** Aim of the task **
Your task is to reproduce, exactly and only, the lines running from the line containing "LIVE: Απόλλων Σμύρνης – Άρης 1-2 (Τελικό)" to the end of the data below, both included.

** Stored items from a collection **
┌──
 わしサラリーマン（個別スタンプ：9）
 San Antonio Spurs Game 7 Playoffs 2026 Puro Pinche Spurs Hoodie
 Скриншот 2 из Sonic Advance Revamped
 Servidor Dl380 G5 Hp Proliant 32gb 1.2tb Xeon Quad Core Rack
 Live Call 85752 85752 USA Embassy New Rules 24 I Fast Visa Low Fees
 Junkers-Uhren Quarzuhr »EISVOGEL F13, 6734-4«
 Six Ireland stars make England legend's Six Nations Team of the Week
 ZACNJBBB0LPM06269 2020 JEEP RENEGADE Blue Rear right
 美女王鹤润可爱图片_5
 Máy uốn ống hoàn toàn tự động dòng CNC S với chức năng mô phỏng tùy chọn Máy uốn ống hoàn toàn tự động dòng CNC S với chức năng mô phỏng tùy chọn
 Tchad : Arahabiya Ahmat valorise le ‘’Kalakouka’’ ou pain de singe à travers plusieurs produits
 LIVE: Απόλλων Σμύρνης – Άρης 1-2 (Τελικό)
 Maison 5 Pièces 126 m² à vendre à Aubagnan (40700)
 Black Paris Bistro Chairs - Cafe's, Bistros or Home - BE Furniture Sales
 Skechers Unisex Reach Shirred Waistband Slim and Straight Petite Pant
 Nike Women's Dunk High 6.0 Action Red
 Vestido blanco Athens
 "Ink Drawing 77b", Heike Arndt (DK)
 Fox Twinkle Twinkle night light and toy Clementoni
└──
** Written answer **
 LIVE: Απόλλων Σμύρνης – Άρης 1-2 (Τελικό)
 Maison 5 Pièces 126 m² à vendre à Aubagnan (40700)
 Black Paris Bistro Chairs - Cafe's, Bistros or Home - BE Furniture Sales
 Skechers Unisex Reach Shirred Waistband Slim and Straight Petite Pant
 Nike Women's Dunk High 6.0 Action Red
 Vestido blanco Athens
 "Ink Drawing 77b", Heike Arndt (DK)
 Fox Twinkle Twinkle night light and toy Clementoni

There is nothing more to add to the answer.